__Exercise brief__.
Lines from the one containing "this 640×480 image." through the end of the entries below: set them down exactly, both ends included, with nothing added.

Segment Start: Provided records

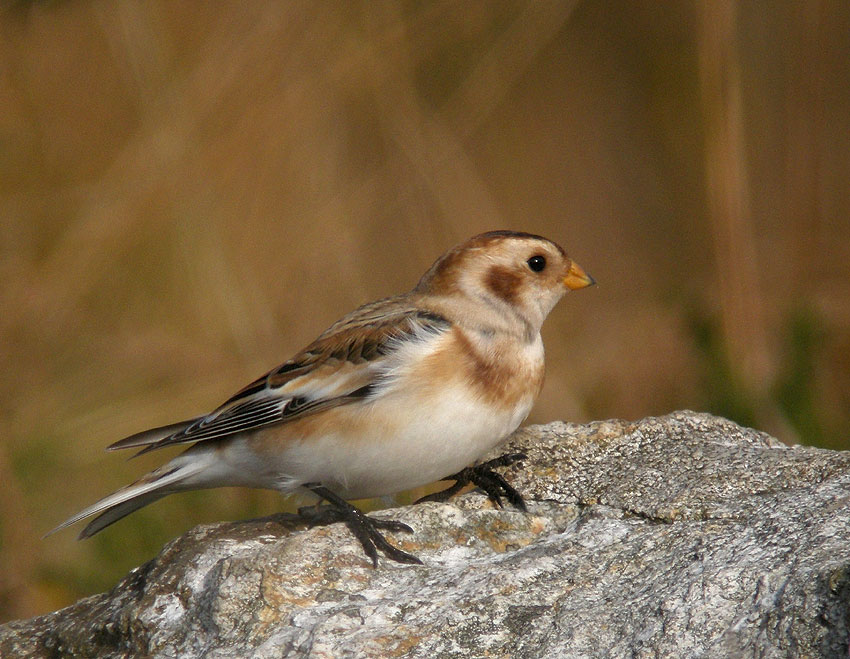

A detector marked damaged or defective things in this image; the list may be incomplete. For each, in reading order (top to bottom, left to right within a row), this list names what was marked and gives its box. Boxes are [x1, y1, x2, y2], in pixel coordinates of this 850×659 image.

rusty brown patch [484, 264, 524, 306]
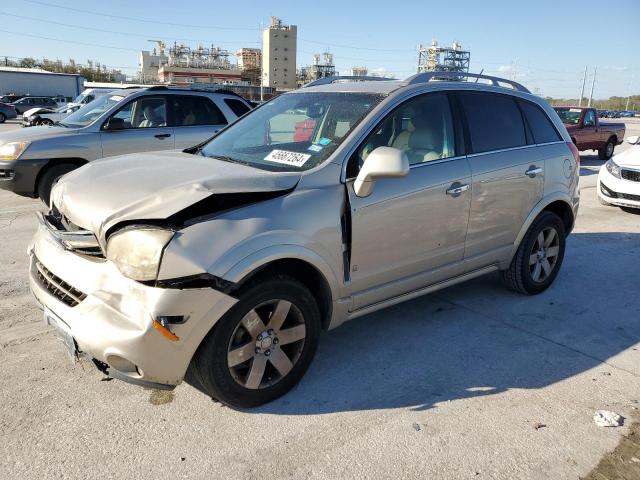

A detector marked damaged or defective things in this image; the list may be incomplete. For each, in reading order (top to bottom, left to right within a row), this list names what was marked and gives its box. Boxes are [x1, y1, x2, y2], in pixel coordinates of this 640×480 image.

crumpled hood [0, 124, 81, 142]
crumpled hood [616, 144, 640, 169]
crumpled hood [50, 150, 300, 240]
broken headlight [106, 228, 175, 282]
damaged front bumper [28, 216, 238, 388]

Segment End: Provided records

__Your solution__.
A detector marked damaged or defective things in this image; the list may be incomplete. For each, in reading order (top to bottom, left to right within a row), this list names what was marked and gives its box. Boxes are [x1, y1, x2, y2], in pixel coordinates of this 640×480 image.

crumpled hood [0, 124, 81, 142]
crumpled hood [616, 144, 640, 169]
crumpled hood [50, 150, 300, 240]
broken headlight [106, 228, 175, 282]
damaged front bumper [28, 216, 238, 388]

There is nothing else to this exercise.